Problem requirements -> Give the data again exactly, stopping after the "Teksin Mondial RX3I" line.

::: Materials provided

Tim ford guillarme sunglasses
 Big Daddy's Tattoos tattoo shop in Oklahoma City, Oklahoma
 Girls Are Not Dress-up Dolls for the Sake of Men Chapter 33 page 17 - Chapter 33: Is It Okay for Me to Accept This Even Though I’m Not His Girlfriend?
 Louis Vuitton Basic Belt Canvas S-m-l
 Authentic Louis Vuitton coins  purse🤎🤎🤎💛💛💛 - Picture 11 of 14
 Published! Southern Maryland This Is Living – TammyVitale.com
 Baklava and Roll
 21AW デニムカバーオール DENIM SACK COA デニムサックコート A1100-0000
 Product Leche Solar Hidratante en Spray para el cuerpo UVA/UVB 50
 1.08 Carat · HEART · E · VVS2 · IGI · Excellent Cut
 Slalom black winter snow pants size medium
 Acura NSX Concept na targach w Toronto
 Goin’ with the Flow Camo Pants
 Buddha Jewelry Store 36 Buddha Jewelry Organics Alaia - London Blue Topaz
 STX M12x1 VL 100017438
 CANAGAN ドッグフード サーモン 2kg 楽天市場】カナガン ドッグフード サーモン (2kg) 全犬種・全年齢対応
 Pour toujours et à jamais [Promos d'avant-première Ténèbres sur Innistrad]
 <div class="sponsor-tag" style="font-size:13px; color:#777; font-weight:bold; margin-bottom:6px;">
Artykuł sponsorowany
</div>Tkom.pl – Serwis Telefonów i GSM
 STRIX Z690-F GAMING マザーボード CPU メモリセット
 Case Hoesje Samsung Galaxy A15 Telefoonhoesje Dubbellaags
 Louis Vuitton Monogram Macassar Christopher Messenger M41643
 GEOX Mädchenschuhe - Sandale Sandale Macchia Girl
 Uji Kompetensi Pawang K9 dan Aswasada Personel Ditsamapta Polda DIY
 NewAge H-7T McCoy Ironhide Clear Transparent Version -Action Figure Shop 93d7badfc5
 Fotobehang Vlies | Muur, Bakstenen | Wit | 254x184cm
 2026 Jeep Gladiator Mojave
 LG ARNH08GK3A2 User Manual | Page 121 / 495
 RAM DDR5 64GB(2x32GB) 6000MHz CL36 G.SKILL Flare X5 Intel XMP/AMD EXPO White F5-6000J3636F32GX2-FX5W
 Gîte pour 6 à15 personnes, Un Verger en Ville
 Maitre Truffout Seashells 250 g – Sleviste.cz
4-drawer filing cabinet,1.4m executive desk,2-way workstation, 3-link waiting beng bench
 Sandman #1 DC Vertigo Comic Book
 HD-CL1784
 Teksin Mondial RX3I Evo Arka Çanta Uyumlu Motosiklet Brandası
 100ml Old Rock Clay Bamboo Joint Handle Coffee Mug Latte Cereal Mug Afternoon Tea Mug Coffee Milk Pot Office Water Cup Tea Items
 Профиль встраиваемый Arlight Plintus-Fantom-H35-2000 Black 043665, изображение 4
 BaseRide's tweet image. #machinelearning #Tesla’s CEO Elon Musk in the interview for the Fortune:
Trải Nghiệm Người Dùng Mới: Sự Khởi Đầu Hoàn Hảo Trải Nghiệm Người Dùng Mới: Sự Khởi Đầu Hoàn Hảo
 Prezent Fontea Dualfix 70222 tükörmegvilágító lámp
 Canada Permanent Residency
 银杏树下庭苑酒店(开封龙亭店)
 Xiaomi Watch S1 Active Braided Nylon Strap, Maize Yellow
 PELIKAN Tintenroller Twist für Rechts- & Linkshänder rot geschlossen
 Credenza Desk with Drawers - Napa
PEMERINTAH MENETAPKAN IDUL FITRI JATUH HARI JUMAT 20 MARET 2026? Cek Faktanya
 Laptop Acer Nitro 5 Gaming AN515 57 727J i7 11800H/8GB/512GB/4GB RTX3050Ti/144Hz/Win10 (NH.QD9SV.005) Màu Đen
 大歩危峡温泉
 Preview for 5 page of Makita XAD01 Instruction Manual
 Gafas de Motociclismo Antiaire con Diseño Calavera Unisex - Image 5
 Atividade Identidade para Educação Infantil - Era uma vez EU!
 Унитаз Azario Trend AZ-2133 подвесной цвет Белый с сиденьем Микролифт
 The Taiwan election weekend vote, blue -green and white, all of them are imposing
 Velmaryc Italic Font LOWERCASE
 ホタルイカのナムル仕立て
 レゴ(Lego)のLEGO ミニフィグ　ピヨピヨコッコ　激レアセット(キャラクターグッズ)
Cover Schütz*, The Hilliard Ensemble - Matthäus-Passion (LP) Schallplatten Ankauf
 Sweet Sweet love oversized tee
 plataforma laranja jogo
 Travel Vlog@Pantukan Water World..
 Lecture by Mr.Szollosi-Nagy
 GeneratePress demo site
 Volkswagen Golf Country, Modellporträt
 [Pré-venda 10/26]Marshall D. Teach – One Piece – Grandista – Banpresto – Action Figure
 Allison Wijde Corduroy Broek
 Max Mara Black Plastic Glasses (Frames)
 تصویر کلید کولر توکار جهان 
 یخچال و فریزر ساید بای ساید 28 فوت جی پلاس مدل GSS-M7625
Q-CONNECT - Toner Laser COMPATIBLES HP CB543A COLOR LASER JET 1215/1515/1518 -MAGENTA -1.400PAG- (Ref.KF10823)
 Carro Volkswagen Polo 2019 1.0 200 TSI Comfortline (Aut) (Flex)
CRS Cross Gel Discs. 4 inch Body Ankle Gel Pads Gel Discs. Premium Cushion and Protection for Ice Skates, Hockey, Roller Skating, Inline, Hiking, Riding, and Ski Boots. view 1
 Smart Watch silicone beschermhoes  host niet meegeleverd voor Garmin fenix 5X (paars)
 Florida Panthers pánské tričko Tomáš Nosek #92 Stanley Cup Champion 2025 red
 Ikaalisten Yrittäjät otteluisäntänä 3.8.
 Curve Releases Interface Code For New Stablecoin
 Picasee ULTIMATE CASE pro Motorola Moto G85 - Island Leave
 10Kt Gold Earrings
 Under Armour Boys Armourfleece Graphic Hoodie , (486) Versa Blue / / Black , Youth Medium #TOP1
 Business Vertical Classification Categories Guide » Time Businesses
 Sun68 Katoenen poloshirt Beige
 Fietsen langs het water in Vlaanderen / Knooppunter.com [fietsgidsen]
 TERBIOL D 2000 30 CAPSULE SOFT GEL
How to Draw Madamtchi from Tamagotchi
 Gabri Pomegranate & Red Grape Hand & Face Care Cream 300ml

::::::

Expected answer ->
Tim ford guillarme sunglasses
 Big Daddy's Tattoos tattoo shop in Oklahoma City, Oklahoma
 Girls Are Not Dress-up Dolls for the Sake of Men Chapter 33 page 17 - Chapter 33: Is It Okay for Me to Accept This Even Though I’m Not His Girlfriend?
 Louis Vuitton Basic Belt Canvas S-m-l
 Authentic Louis Vuitton coins  purse🤎🤎🤎💛💛💛 - Picture 11 of 14
 Published! Southern Maryland This Is Living – TammyVitale.com
 Baklava and Roll
 21AW デニムカバーオール DENIM SACK COA デニムサックコート A1100-0000
 Product Leche Solar Hidratante en Spray para el cuerpo UVA/UVB 50
 1.08 Carat · HEART · E · VVS2 · IGI · Excellent Cut
 Slalom black winter snow pants size medium
 Acura NSX Concept na targach w Toronto
 Goin’ with the Flow Camo Pants
 Buddha Jewelry Store 36 Buddha Jewelry Organics Alaia - London Blue Topaz
 STX M12x1 VL 100017438
 CANAGAN ドッグフード サーモン 2kg 楽天市場】カナガン ドッグフード サーモン (2kg) 全犬種・全年齢対応
 Pour toujours et à jamais [Promos d'avant-première Ténèbres sur Innistrad]
 <div class="sponsor-tag" style="font-size:13px; color:#777; font-weight:bold; margin-bottom:6px;">
Artykuł sponsorowany
</div>Tkom.pl – Serwis Telefonów i GSM
 STRIX Z690-F GAMING マザーボード CPU メモリセット
 Case Hoesje Samsung Galaxy A15 Telefoonhoesje Dubbellaags
 Louis Vuitton Monogram Macassar Christopher Messenger M41643
 GEOX Mädchenschuhe - Sandale Sandale Macchia Girl
 Uji Kompetensi Pawang K9 dan Aswasada Personel Ditsamapta Polda DIY
 NewAge H-7T McCoy Ironhide Clear Transparent Version -Action Figure Shop 93d7badfc5
 Fotobehang Vlies | Muur, Bakstenen | Wit | 254x184cm
 2026 Jeep Gladiator Mojave
 LG ARNH08GK3A2 User Manual | Page 121 / 495
 RAM DDR5 64GB(2x32GB) 6000MHz CL36 G.SKILL Flare X5 Intel XMP/AMD EXPO White F5-6000J3636F32GX2-FX5W
 Gîte pour 6 à15 personnes, Un Verger en Ville
 Maitre Truffout Seashells 250 g – Sleviste.cz
4-drawer filing cabinet,1.4m executive desk,2-way workstation, 3-link waiting beng bench
 Sandman #1 DC Vertigo Comic Book
 HD-CL1784
 Teksin Mondial RX3I Evo Arka Çanta Uyumlu Motosiklet Brandası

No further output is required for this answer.